Tuesday, January 24, 2006

Some more thoughts on anti-Americanism

Instapundit points to this Clive Davis report about the BBC's American correspondant's claim that America bashing has gone too far.

A few days ago the reporter was duly hauled up in front of the Feedback programme in order to explain himself. Yet even after apologising for expressing himself "a little too warmly", Webb stood firm:

...What I was trying to do - and I would say this in mitigation - was puncture an atmosphere which developed, I thought, during this broadcast, and which I think occasionally does develop on the BBC and on other broadcasting outlets, where there is a kind of cosy feeling that somehow if only America would behave differently, then everything in the world would be fine. I think that is a view which does annoy and upset Americans, as I said it did. And it's not just the White House - it is a broader thing than that - and also a view which is, to put it mildly, open to challenge, and that's what I hoped to do....

Later, he went out of his way to reject the notion that he had, in that quaint British phrase, "gone native".
The Beeb's man (JW), after suitable groveling and penitence, went on to say:

JW. I don't think there's a double-standard at a conscious level. I don't think the BBC has a double standard. I've never been told what to say one way or the other

RB. But you're saying there's a greater readiness to criticize America than there is to criticize China, or perhaps Saudi Arabia or other countries in the Middle East?

JW. And the reason is , I think, that it's easier, that we have a problem reporting open societies, particularly in a time of great international turmoil and war. It's just easier to criticize, it's easier to get information, it's easier to find people within the society who are immensely critical of it Yet when you think of China, when you think of the Taliban...when you think of the situation in Iran it's just more difficult to get a handle on what's going on in those places. And I think there is a tendency, which we always have to guard against, of being tougher on democratic societies simply because it's easier.


Yeah, well, no kiddin', JW. Even with Chimpy McBu$hitler's Gestapo running the plantation nobody is going to string you up or disappear you.

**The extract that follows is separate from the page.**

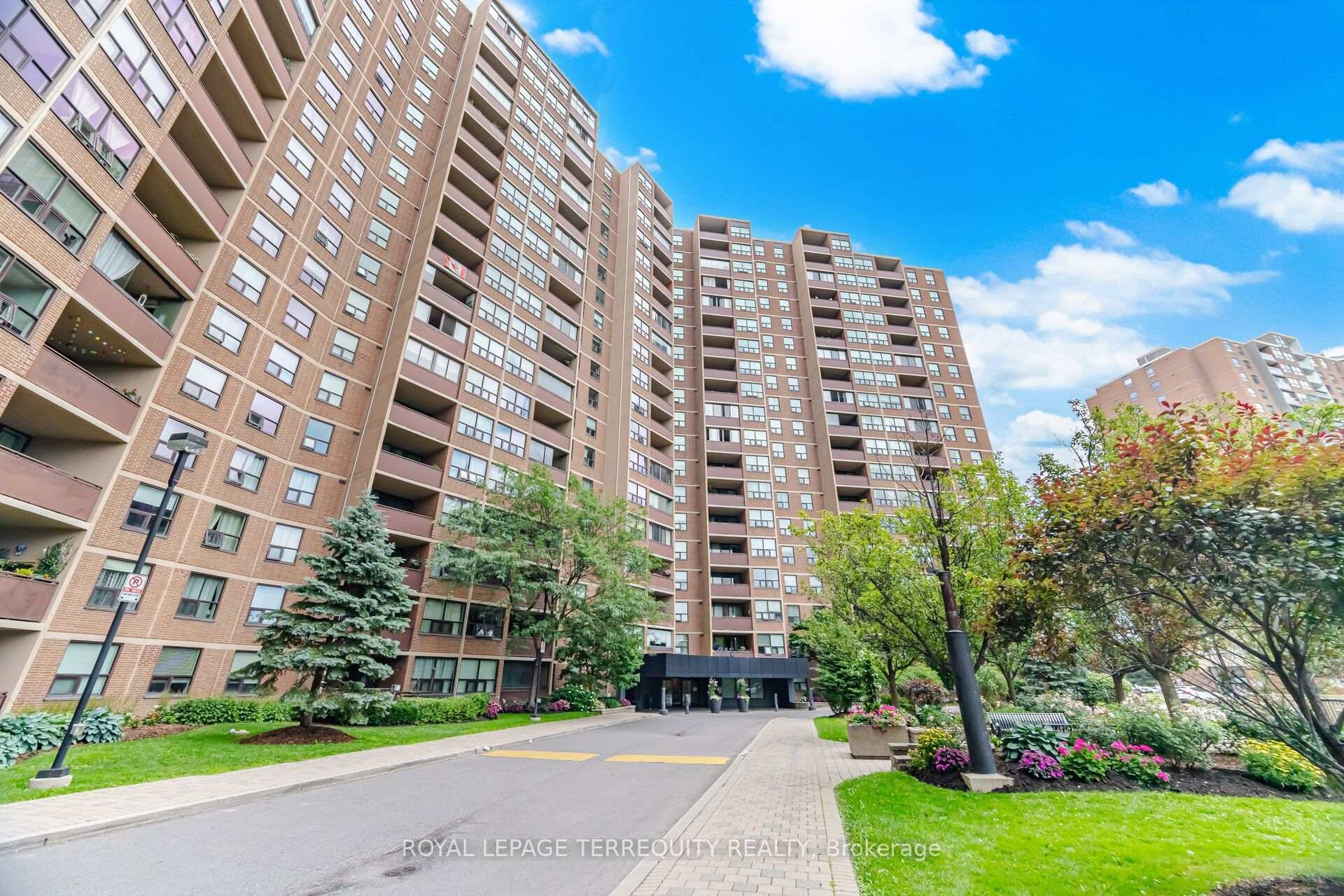 Photo 2 of Unit 1504, 716 The West Mall, Etobicoke, Eringate-Centennial-West Deane — HOMEH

Another take on rampant international anti-Americanism is available in Jan/Feb Foreign Affairs article David’s Friend Goliath by Michael Mandelbaum. I think there's some room to take issue with some of the assertions Mandelbaum makes but he's got the overall picture correct. It begins:

Everybody talks about the weather, Mark Twain once observed, but nobody does anything about it. The same is true of America’s role in the world. The United States is the subject of endless commentary, most of it negative, some of it poisonously hostile. Statements by foreign leaders, street demonstrations in national capitals, and much-publicized opinion polls all seem to bespeak a worldwide conviction that the United States misuses its enormous power in ways that threaten the stability of the international system. That is hardly surprising. No one loves Goliath. What is surprising is the world’s failure to respond to the United States as it did to the Goliaths of the past.

Sovereign states as powerful as the United States, and as dangerous as its critics declare it to be, were historically subject to a check on their power. Other countries banded together to block them. Revolutionary and Napoleonic France in the late 18th and early 19th century, Germany during the two world wars, and the Soviet Union during the Cold War all inspired countervailing coalitions that ultimately defeated them. Yet no such anti-American alignment has formed or shows any sign of forming today. Widespread complaints about the United States’ international role are met with an absence of concrete, effective measures to challenge, change, or restrict it.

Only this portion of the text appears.